By Martin Kadzere
Schweppes Zimbabwe Ltd intends to venture into production of oranges as the company seeks to boost feedstock for its juice processing plant in Beitbridge, according to the group’s chief executive. Schweppes currently gets oranges from the orchards around Beitbridge, which are under severe pressure from strong demand for the commodity by global markets.
“We have requested land from Government where we can develop our orange plantations to supply the juice plant,” he said in an interview.
Schweppes never owned a plantation and until 2007, the company mainly relied on Mazowe Citrus for concentrates.
As orange output slumped, Mazowe Citrus, owned by Interfresh failed to meet juice concentrate requirements for Schweppes, prompting the company to look for alternative sources.
The Beitbridge Juicing Company now supplies Schweppes with about 75 percent of concentrate for production of Mazoe juicy, while the remainder is imported from South Africa.
“The acquisition has enabled us to secure a critical component in our supply chain,” Msipa said told our sister paper Southern Times recently.
The plant has capacity to process 28 000 tonnes of oranges annually with plans afoot to gradually increase output to 150 000 tonnes of fruit per annum, he added.
Schweppes is the manufacturer and distributor of non-carbonated, still beverages under licence from The Coca-Cola Company. The product portfolio currently includes cordials, fruit juices, bottled water and flavoured drinks.
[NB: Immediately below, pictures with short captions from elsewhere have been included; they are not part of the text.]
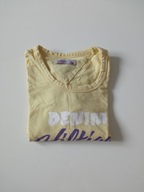Tommy Hilfiger damska koszulka r M
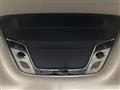 2015 Honda VEZEL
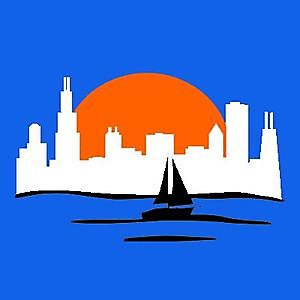 Chicago Sailboat Charters Chicago - Nauticfan the maritime portal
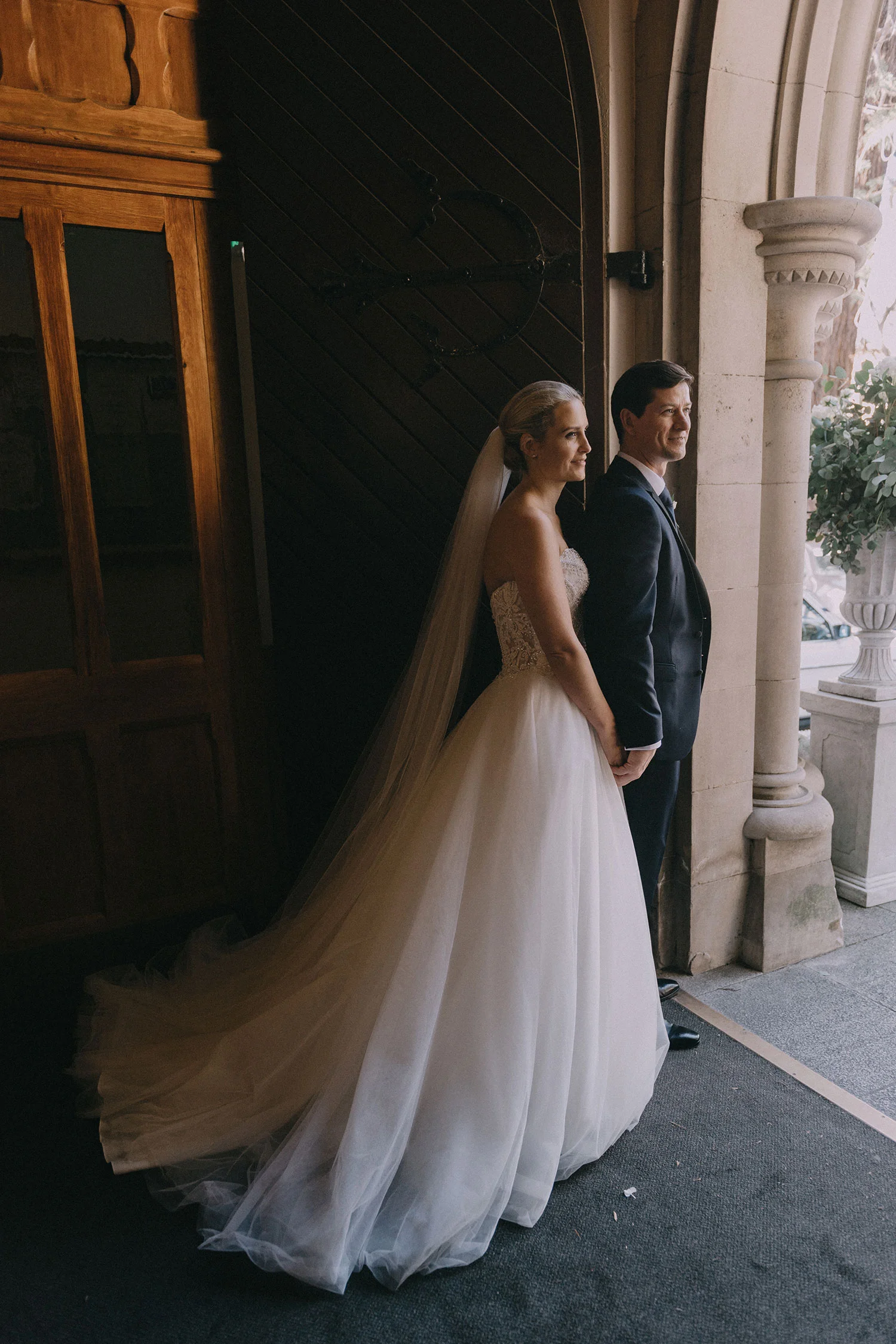 clontarf-castle-wedding-photographer-078.jpg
These products are marketed under well renowned brand names; Mazoe, Minute Maid and Schweppes Water.
Manufacturing is undertaken at the two branches, Harare and Bulawayo.. The branches have warehousing and distribution facilities from which they also supply the depots.
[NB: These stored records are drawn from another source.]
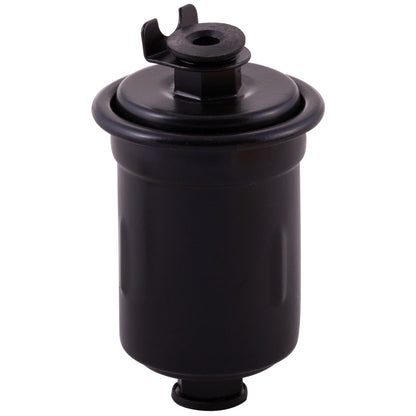 Pronto Fuel Filter PF4605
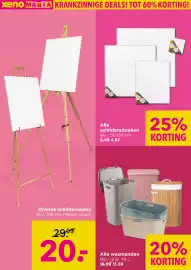 Xenos folder Pagina 26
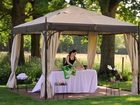фото отеля Romantik Hotel Jagdhaus Eiden am See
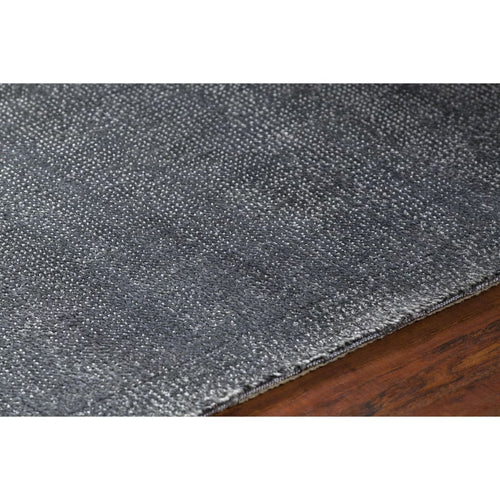Sopris SOP-27301 Charcoal Rug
Recently, Schweppes began exports of Mazoe Orange Crush to Zambia to boost foreign currency earnings at a time the country is facing the shortage of hard currency.
Following media reports that the Zambian government was probing Mazoe Orange Crush on allegations that it was not fit for human consumption and does not meet the national food and safety standards, Schweppes said it has obtained the relevant approvals as provided for by the laws of Zambia.